Some of us are incredulous to the thought. The thought goes something like this, “How can it be that the worlds smartest climate scientists are simply too stupid to maintain a link that has been there for quite some time. If the organization can’t perform such basic tasks, how and why is it that so many lend such credibility to them.” How many mulligans do they get?

Steeptown
February 14, 2011 9:00 am

Whatever happened to the CET hokey stick? Not enough adjustments lately?

Neo
February 14, 2011 9:03 am

You mean there was Global Warming Climate Disruption back in 1890 ?

Monroe
February 14, 2011 9:05 am

This is why WUWT is so important to me. I am no climate scientist or meteorologist but my work for 40 years and life is very close to the earth and it’s weather. I was also raised to understand the scientific method and see it as very important. Many projects I do entail Environmental Impact Studies and the project hinges on the outcome of those studies. I find it facinating to observe the collection of data and the assesement process. It seems to me the observer changes the observed. Dishonesty, no, conspiracy, no but something happens with the assimilation process and human nature. I’ve followed this website since it started and it seems to be a common thread throughout and the many website which have sprung from the debate. A scientist or study group introduces a hypothesis and then everyone jumps on that hypothesis and criticizes the collection of the data. But the real problem, I think, may lie in the unspoken, unconscious ability to tweek the outcome of the effort. This temperature record is one of the most important ones of it’s kind because of it’s simple factuality. I try and pick up these simple illustrative pieces from this website and communicate them to politicians who may see value. These politicians are inundated with “studies” and tweeked information from all sides. Simple accurate information is what they need from us.

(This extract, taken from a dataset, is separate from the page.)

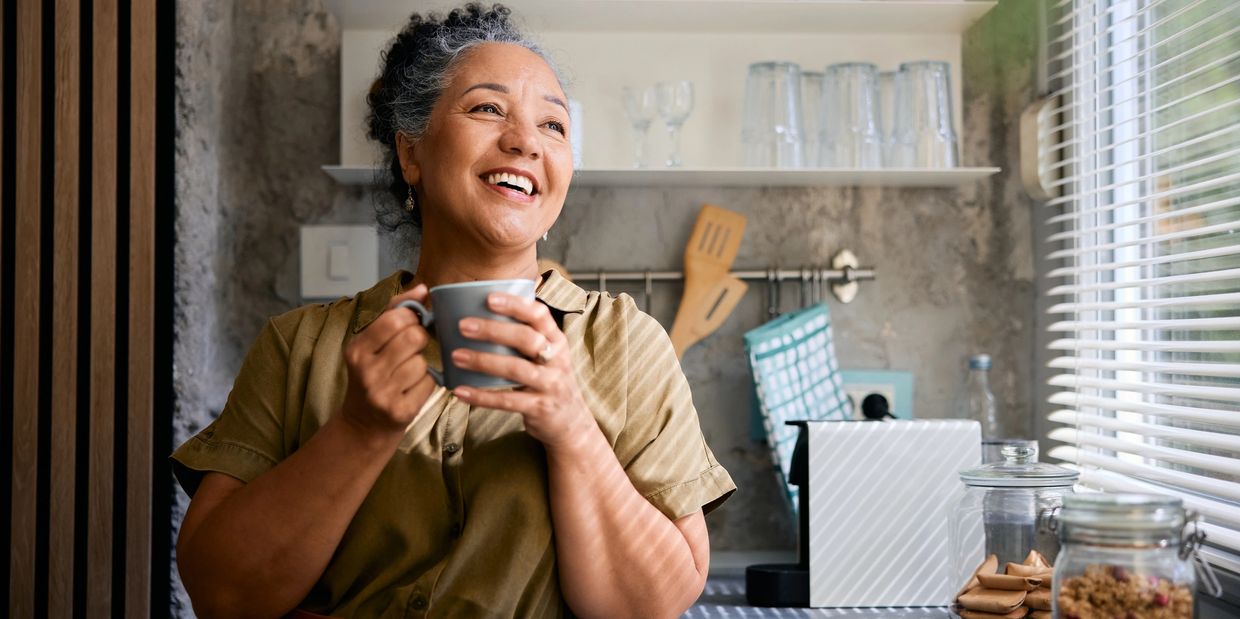 Happy woman enjoying a cup of coffee in a cozy kitchen.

Thank you again.

David Larsen
February 14, 2011 9:12 am

Were there digital calibrated instrumentation used back in the 1600’s to record that data? What was their benchmark? A drunken bishop recording the data on sheep skin. What is the variability in analog versus digital data? The short guy looking up at the thermometer thought is was hot. The 6 foot 2 recorder looked down and saw cold temperature. To compare apples and oranges and expect to get some conclusion based on two different technologies and methodoligies is patently absurd. Was the data for analog gotten from the original data set or passed down from three conversions? Worthless information meaning nothing.

NikFromNYC
February 14, 2011 9:14 am

Central England is but the oldest of about two dozen single site thermometer records that mainstream climatologists would rather did not exist. All but a couple if these show any sign whatsoever of recent warming that bucks the natural trend, and yet are classic old cities that show no uptick even in the unadjusted raw data. Here are the ones that have name recognition, in a single glance: http://oi49.tinypic.com/rc93fa.jpg
The Brits are just now making CET graphs as obscurely hard to run into as the Yanks have made their own old site records. And of course when you do finally find a chart they cut off the oldest data and use deceiving chartsmanship (akin to how the NOAA presents its version of the global average, as I have pointed out here: http://oi49.tinypic.com/2mpg0tz.jpg ).
It is a rhetorical question whether alarmists would plaster these records all over their report covers if they formed nice little hockey sticks. These records are to climatology what hand axes being found amongst dinosaur bones would be to evolutionary theory.